The treatment-related AEs were no more than grade 1 or grade 2. And in hindsight, they were mostly related to administrative route, catheterization. So they predominantly irritated voiding symptoms-- urgency, frequency, a little dysuria-- but no significant systemic or other AEs associated with the treatment.

Alicia Morgans: Wow. That's so important. And as you said, certainly from a patient perspective, it's important to have low levels of AEs. Also, from a clinician perspective, it's difficult sometimes to respond when things are really difficult for patients to tolerate. But also really interesting that this can be mixed with sterile water, even in that clinical space, without requiring the hood and without requiring those procedures to inactivate it at the end-- does this make a difference in your practice just in terms of the flow of things and the way that busy urologic practices tend to function?

John A. Taylor, III: Yeah, I think so. And again, I practice in an academic setting. So we're used to this type of flow with other agents and other drugs. I think for an office-based practice, it makes it a lot easier. The ability to just have the drug stored in your office, to mix it in your office-- you don't need special hoods or other entities to use this agent. I think that really makes this novel with the ease of use.
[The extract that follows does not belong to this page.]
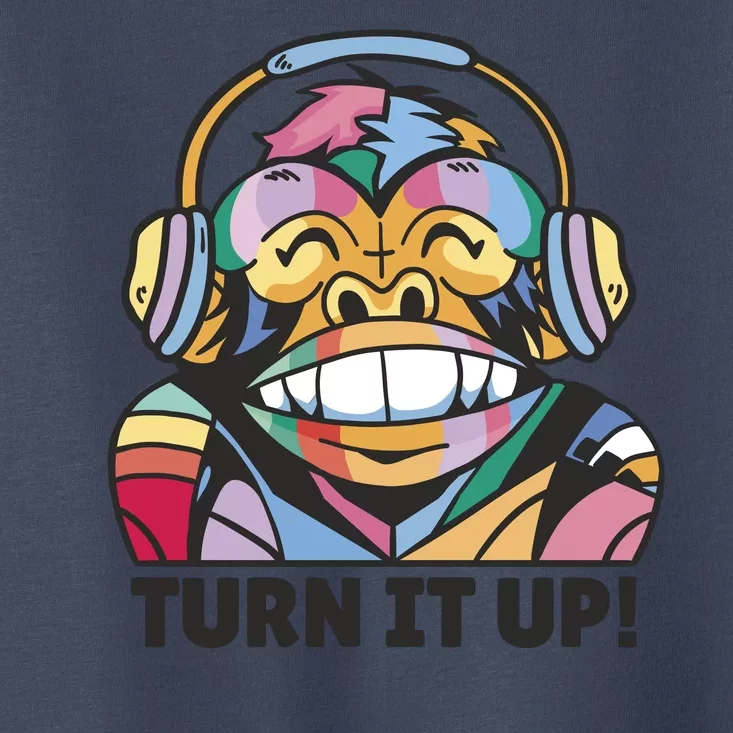 Turn It Up Music Monkey Toddler T-Shirt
And back to the AEs, the other thing that-- it's important for patients because, remember, for most of these patients, they've had multiple rounds of treatments. Their bladders can be pretty beat up. And they can have significant problems holding agent or having other issues when they come into these types of trials.

And the fact that they tolerated this agent so well is really important.
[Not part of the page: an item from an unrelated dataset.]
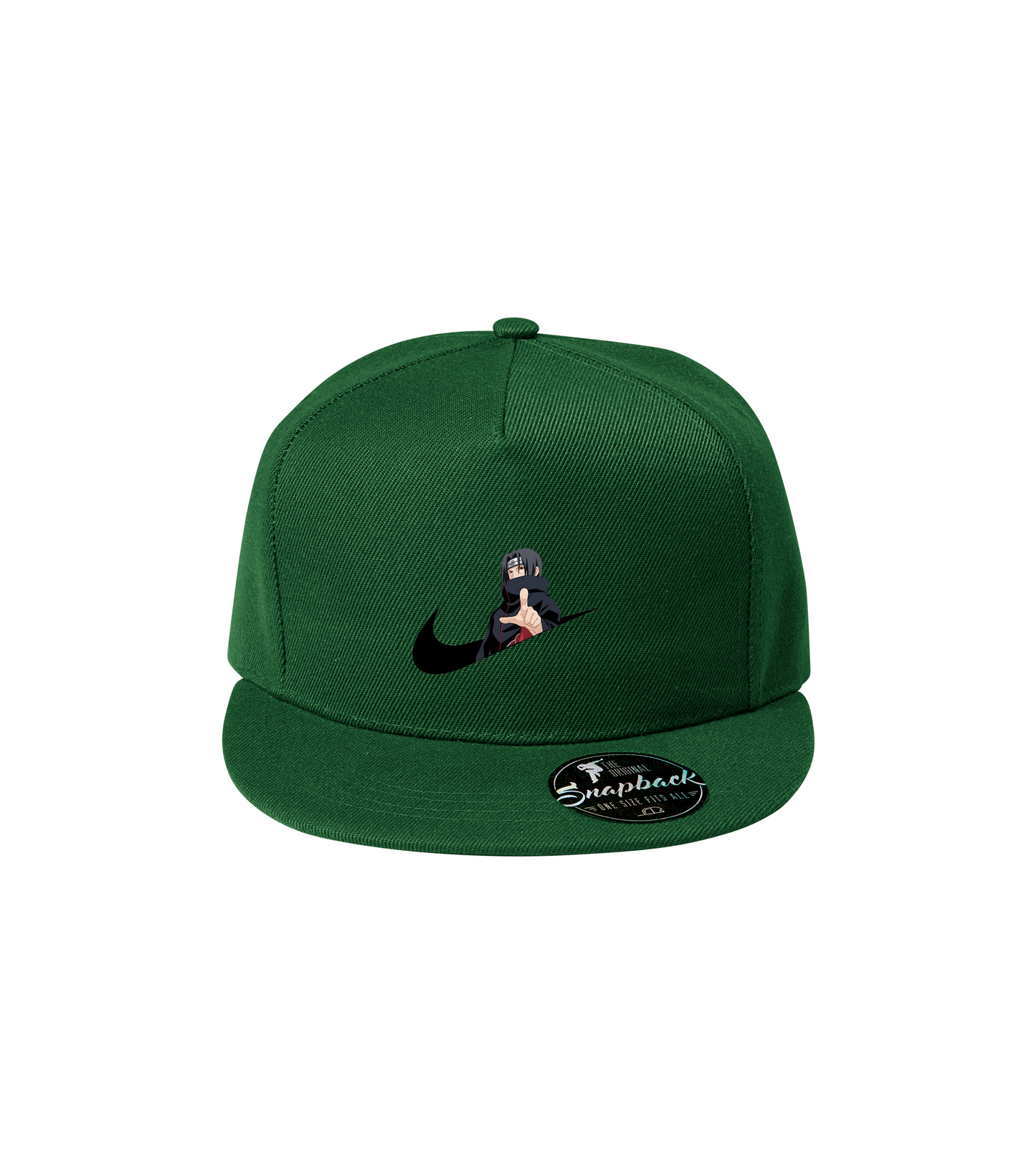 Sapca verde personalizata rap urban "Naruto Sasuke" streetwear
Alicia Morgans: Absolutely, especially since some of these patients may, in addition to having their bladders beat up-- they're older patients in a lot of cases and can have other medical conditions that make it just difficult to do some of the things that we ask them to do. So as you think about this and think about the response rates that you mentioned earlier, can you put that in context for us? And how long did this study report on followup in terms of the sustained disease control?

John A. Taylor, III: So the disease that we reported is what most of the trials are looking at, which is an any-time response rate, which was around 71%. And again, I just have to go back. These are BCG, refractory BCG, recurrent patients who have really no other option other-- potentially cystectomy. Now maybe we do have other options.
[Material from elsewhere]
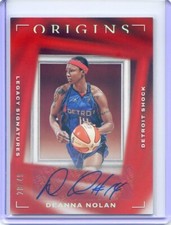 2023 Panini Origins WNBA DEANNA NOLAN #LS-DNL LEGACY SIGNATURES RED AUTO /49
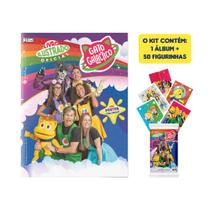Livro - Álbum Oficial Gato Galáctico + 10 envelopes de figurinhas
So the overall response rate or any-time response rate was 71%, which is right in the ballpark what we're seeing with other agents as well. The three-month complete response rate was 67%. And the six-month response rate was 47%.

The year data is not out. Kaplan-Meier estimates put it around 51%. So we're seeing roughly around a 50% 12-month complete response rate, which is great, A, for the patient population. And B, it's right in line with the other entities that we're seeing less the treatment-related AEs.

Alicia Morgans: Great. So if you had to put this data and put this agent in context and give a message to the listeners, what would that message be?

John A. Taylor, III: Stay tuned would be my answer. I think as a urologist in this space, it's extremely exciting. If you look back 15 years ago, we had BCG and mycobacterium cell wall complex. And that was it. Fifteen years later, we've got trials in phase-- completed phase I, in phase II, all showing similar efficacy, which is good in this disease space. And we're going to have lots of tools.

The future is going to be, how do we sequence these? How do we combine them? What do we do with them? How do we benefit our patients to help them overcome this disease? So I think the future is very exciting, including EG-70 and the other agents that are coming out.

Alicia Morgans: Wonderful. Well, I love that message, stay tuned. And we certainly will. I congratulate you on your presentation at GU ASCO 2025. And I thank you for your time and expertise today.

John A. Taylor, III: Thank you. It's my pleasure.